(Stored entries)
----

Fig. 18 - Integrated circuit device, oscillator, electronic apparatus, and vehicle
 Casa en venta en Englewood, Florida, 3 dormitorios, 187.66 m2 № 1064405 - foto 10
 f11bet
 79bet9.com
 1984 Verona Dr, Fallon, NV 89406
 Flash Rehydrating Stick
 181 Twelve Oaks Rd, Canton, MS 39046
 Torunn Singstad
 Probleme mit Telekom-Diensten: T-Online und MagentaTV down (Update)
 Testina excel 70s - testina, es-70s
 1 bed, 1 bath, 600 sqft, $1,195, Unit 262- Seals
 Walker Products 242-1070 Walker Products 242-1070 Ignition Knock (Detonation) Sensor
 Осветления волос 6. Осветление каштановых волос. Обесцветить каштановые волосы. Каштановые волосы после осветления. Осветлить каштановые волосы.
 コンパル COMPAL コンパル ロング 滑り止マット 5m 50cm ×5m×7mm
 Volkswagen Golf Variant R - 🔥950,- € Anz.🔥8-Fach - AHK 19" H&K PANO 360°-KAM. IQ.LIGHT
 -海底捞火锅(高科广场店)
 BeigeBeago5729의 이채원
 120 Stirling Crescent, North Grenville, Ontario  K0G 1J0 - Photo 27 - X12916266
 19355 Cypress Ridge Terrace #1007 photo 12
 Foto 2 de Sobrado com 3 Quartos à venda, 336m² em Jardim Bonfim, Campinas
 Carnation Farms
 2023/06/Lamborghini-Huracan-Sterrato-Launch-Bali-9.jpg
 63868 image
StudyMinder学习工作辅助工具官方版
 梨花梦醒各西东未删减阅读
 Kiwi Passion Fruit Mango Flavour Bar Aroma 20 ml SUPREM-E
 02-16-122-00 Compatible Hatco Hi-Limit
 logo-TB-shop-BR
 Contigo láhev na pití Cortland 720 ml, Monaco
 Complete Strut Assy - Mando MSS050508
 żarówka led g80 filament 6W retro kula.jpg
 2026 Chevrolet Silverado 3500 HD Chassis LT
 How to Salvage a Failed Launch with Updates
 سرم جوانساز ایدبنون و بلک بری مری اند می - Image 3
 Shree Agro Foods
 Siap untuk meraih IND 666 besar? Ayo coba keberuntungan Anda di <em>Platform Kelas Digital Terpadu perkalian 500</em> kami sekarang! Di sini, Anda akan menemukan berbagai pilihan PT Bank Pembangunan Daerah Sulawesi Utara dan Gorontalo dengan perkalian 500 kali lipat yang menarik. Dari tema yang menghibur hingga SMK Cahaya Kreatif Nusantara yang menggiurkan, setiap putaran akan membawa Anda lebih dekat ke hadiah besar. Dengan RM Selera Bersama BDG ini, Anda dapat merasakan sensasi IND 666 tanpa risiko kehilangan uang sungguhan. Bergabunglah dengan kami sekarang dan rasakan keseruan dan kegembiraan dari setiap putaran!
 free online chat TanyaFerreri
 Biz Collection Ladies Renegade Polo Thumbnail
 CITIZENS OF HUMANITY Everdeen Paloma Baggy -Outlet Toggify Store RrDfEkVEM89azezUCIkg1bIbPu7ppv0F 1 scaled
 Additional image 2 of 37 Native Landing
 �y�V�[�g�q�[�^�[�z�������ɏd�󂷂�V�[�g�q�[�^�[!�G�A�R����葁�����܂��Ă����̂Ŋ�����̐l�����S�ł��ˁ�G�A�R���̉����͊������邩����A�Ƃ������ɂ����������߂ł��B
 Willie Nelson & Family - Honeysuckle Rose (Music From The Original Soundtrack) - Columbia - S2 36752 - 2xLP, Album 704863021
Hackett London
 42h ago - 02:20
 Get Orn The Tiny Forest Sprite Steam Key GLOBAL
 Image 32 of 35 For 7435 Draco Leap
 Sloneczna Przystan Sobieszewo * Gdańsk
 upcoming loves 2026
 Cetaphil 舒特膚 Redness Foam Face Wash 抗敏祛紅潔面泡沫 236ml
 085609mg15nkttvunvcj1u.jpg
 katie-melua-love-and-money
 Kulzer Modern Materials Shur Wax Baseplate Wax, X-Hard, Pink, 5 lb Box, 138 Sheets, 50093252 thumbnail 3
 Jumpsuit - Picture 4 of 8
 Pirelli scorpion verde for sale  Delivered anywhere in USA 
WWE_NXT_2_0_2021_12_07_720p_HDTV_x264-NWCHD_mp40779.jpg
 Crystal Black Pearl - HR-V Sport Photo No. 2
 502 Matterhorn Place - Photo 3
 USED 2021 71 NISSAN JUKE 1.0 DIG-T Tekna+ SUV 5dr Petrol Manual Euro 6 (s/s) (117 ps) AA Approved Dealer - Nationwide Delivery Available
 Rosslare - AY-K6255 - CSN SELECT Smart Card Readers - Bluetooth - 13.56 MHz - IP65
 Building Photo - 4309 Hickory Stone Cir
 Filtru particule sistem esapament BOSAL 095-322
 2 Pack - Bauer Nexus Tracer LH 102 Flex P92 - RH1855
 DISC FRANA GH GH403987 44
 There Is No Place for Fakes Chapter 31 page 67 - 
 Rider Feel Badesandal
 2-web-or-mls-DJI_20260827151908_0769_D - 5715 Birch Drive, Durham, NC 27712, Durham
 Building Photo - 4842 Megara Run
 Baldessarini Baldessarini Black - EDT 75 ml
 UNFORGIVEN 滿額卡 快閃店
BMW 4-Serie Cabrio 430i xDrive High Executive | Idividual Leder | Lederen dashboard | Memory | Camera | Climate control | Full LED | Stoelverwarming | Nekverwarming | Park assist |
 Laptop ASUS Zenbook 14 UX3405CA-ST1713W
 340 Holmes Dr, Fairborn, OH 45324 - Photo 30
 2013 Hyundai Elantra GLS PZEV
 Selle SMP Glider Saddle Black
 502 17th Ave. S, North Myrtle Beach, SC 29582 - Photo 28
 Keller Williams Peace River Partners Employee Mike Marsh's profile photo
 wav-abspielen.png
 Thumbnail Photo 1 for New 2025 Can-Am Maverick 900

----

- [DESCRIPTION OF THE TASK]: Look through the entries above, and wherever a line holds the word "Building", copy it.

- [RESPONSE BELOW]:
 Building Photo - 4309 Hickory Stone Cir
 Building Photo - 4842 Megara Run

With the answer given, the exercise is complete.